This is the first of three blog posts about what I've learned running my little machine learning shop inside a 10K employee SaaS giant and through the previous 18 years of my software career.
In my long and storied experience one of the main ways things go wrong when delivering software is when the activity you have planned does not match the work you have to do.
Sizing software building tasks is hard. The work in building software varies from the mundane and simple to the arcane, unknown and complex - and it is entirely possible for size estimation to be as costly as the work itself.
It is easy to end up with the wrong plan for the work - and that's when you run into heaps of problems.
If you don't get it right, you're either under estimating or over estimating. We hear more about the under estimated activities - the deathmarch projects, and the cost overruns - but the converse problem is as common place and equally bad - it's the type of mistake organisations make, the origin of $10K toilet seats.
None of this is rocket science - but I thought I'd write it down since it explains so much of What Went Wrong when I look back at projects I've been involved with that have gone wrong.
What you did (Actual) vs What you should have done (Optimal)
|Actual ↓ / Optimal →||Project||Process||Task|
I decided to map it out in the table above. I've defined three levels of complexity of the activity you're undertaking
For the big problems you build a project - a full setup with communication, management, feedback, tracking, stakeholders, plans, dashboards. Projects are designed for the ad-hoc and at scale.
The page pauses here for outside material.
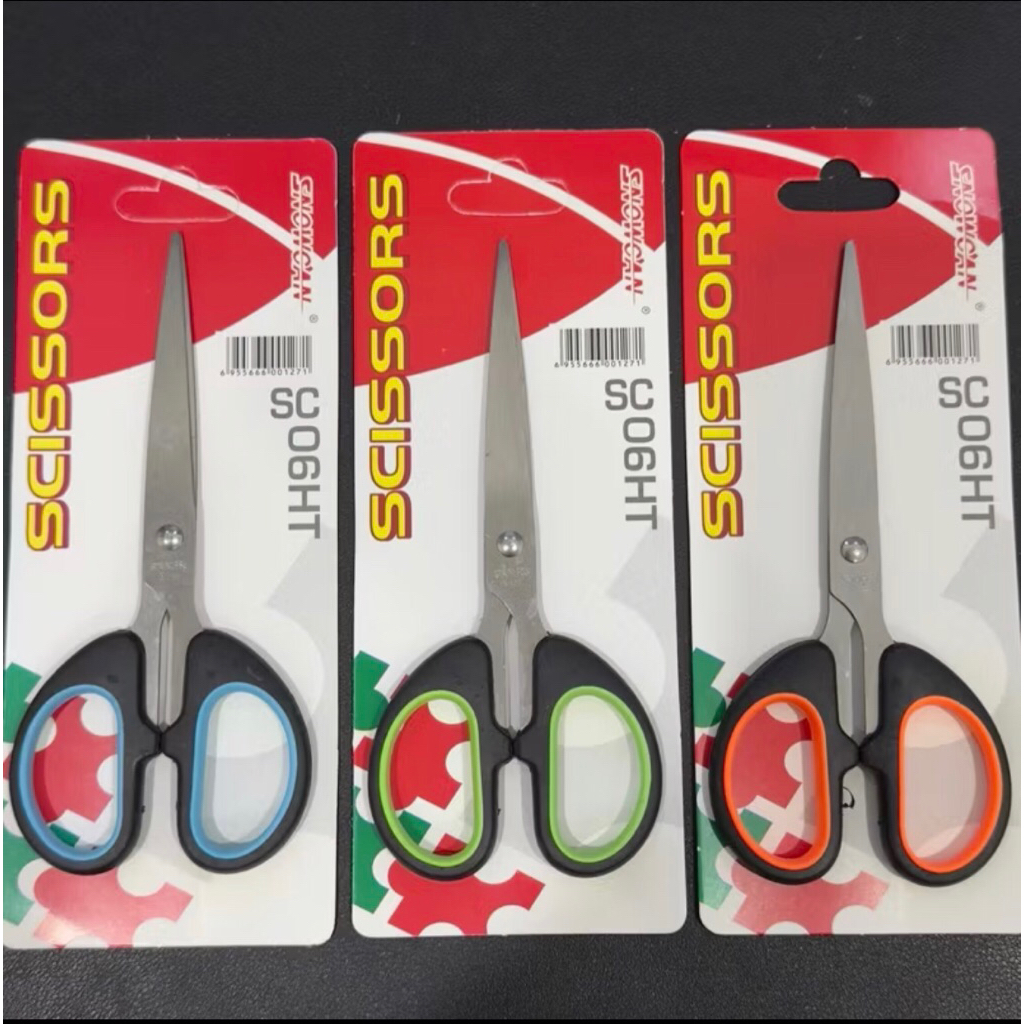 

SNOWCAN Gunting kain 6” inci SEDANG ( HARGA 1buah ) Gunting kertas 15cm Gunting stainless steel gg pvc 6” inc gagang plastik cloth scissors paper 6 inci pruning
For a smaller problem, perhaps you do enough of them that you have a repeatable process you can rely on. There are well known steps, and well known concepts of handover from one step to the other. There might even be convenient tooling for you. If you do a lot of projects maybe you're really running a process instead when you do them
For the really simple we'll simply call it a task. It's a small thing that one or perhaps two people can finish in a short amount of time without the effort of coordinating or communicating too much about it.
When you went for a project, but should have used a fixed process everything's a question again. The repeatability of the process is gone - and of course you know have to deal with the cost of running the project.
When you rigorously pull even simple things through a tedious process, you spend a lot of time doing process theater - satisfying the process, not the task.
A classic is involving too many people in solving simple problems - invariably everyone will have an opinion - and invariably, the color of the bikeshed really isn't that big a deal.
The easiest way to undershoot is forgetting to plan altogether - this is the road to death march projects. But there are subtler ways too - like trying to steer a complex project, that requires a ton of signoffs and handoffs to succeed through a simple process. You end up blocked - either during the work, because you're lacking elements of the plan or - even worse - at the exit when there's just no fit between what you did and what you should have done.
There's also the more commonplace of not just checking the boxes - so you end up with a half baked solution instead of the more considered solution delivered by a well laid out process.